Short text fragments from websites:
☆ ☆ ☆ ☆ ☆
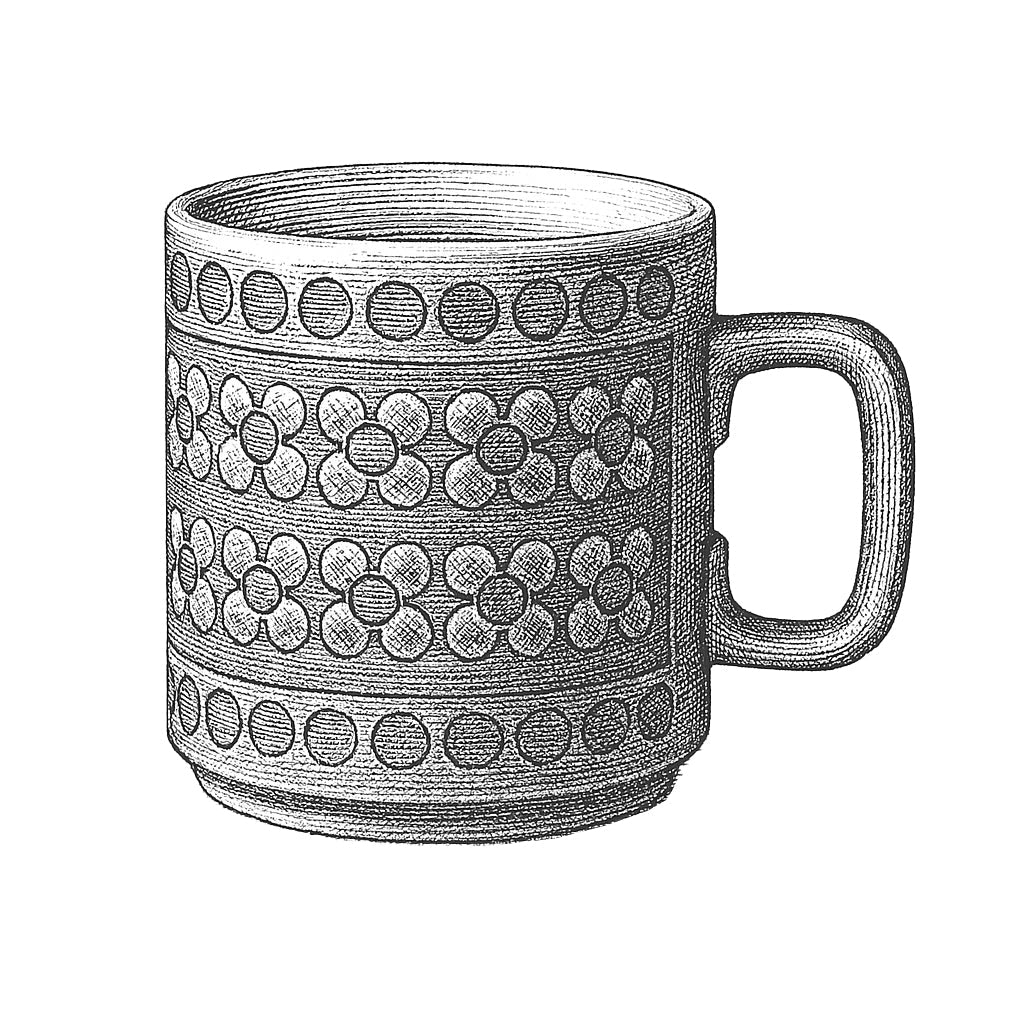 HORNSEA Saffron mug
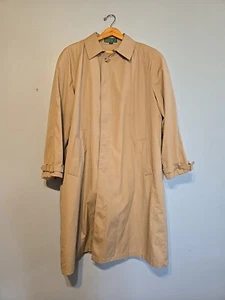Vintage Hill & Archer Trench Coat Removable Lining Coat Men's Size 42 - Picture 1 of 13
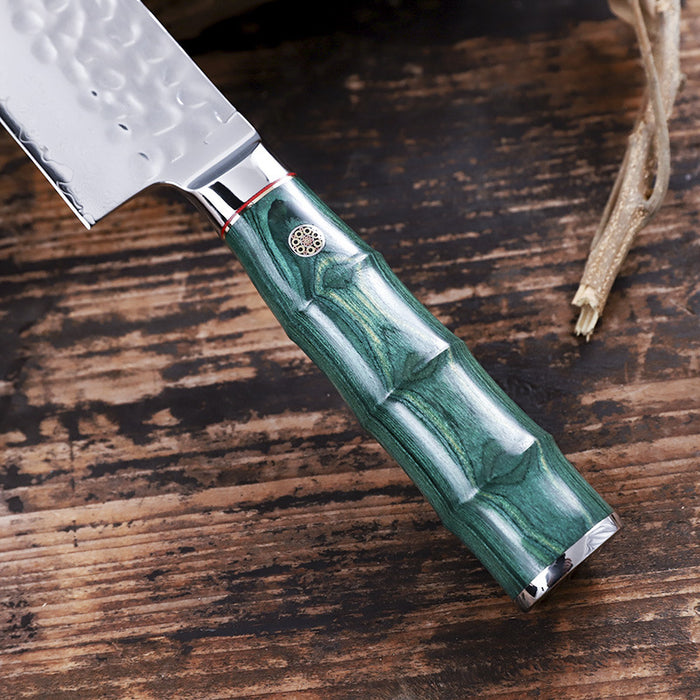 VG10 Damascus Green Walnut Wood Handle 8" Kitchen Culinary Knife VC07 - North Rustic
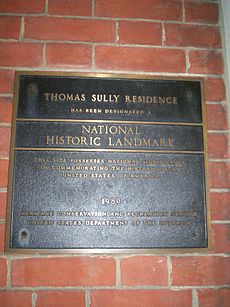 ThomasSullyHousePlaque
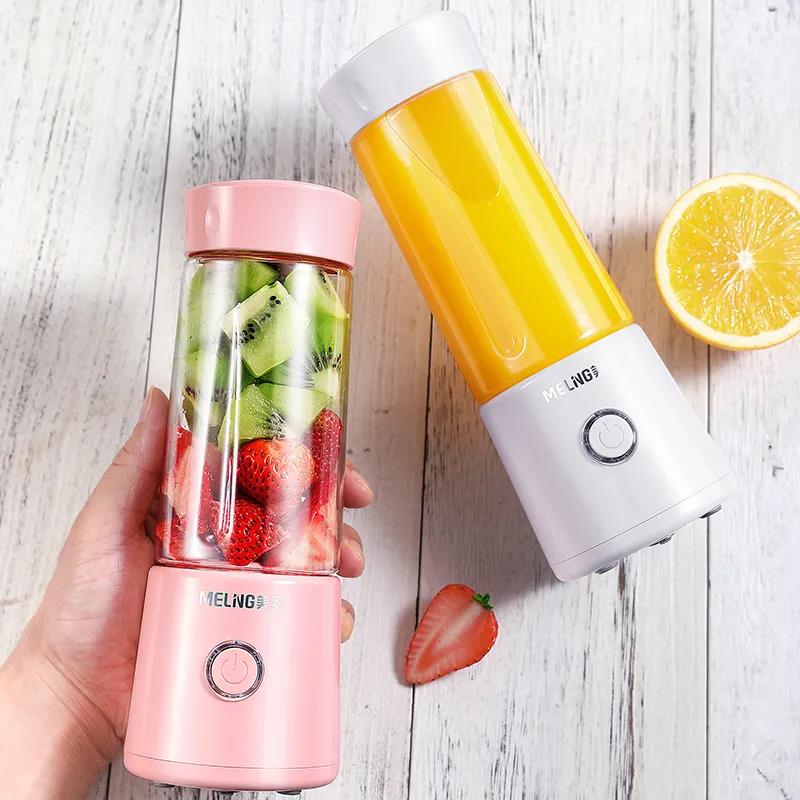 A MIJIA Home Portable Juicer Household Fruit Small Student Rechargeable Mini Juicer Cup Electric Frying Juicer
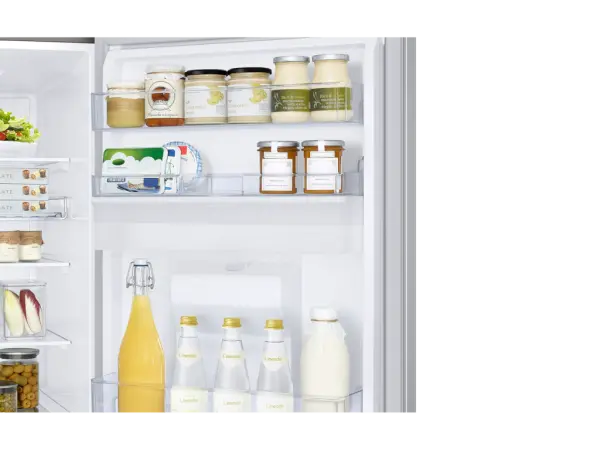 Frižider SAMSUNG RB34C652ESAkombinovaniNoFrostEdispenzer341L(227+114)185,3x59,5x65,8cmsrebrna' ( 'RB34C652ESAEK' )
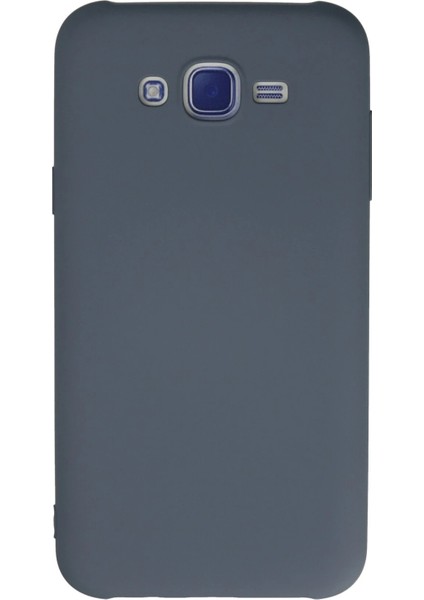 Samsung Galaxy J7 Kılıf Nano Içi Kadife Silikon - Gri Bstmy
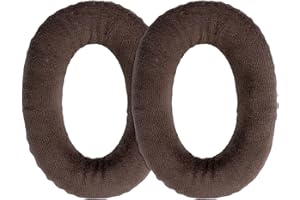 kwmobile 2 x nauszniki kompatybilne ze słuchawkami Sennheiser HD 559/569 / 599 - welurowe słuchawki nauszne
☆ ☆ ☆ ☆ ☆
- _AIM OF THE TASK_: Nothing but the lines from the one containing "( 'RB34C652ESAEK' )" through the end of the entries should be written out, exactly and without pictures.

- _RESPONSE AREA_:
 Frižider SAMSUNG RB34C652ESAkombinovaniNoFrostEdispenzer341L(227+114)185,3x59,5x65,8cmsrebrna' ( 'RB34C652ESAEK' )
 Samsung Galaxy J7 Kılıf Nano Içi Kadife Silikon - Gri Bstmy
 kwmobile 2 x nauszniki kompatybilne ze słuchawkami Sennheiser HD 559/569 / 599 - welurowe słuchawki nauszne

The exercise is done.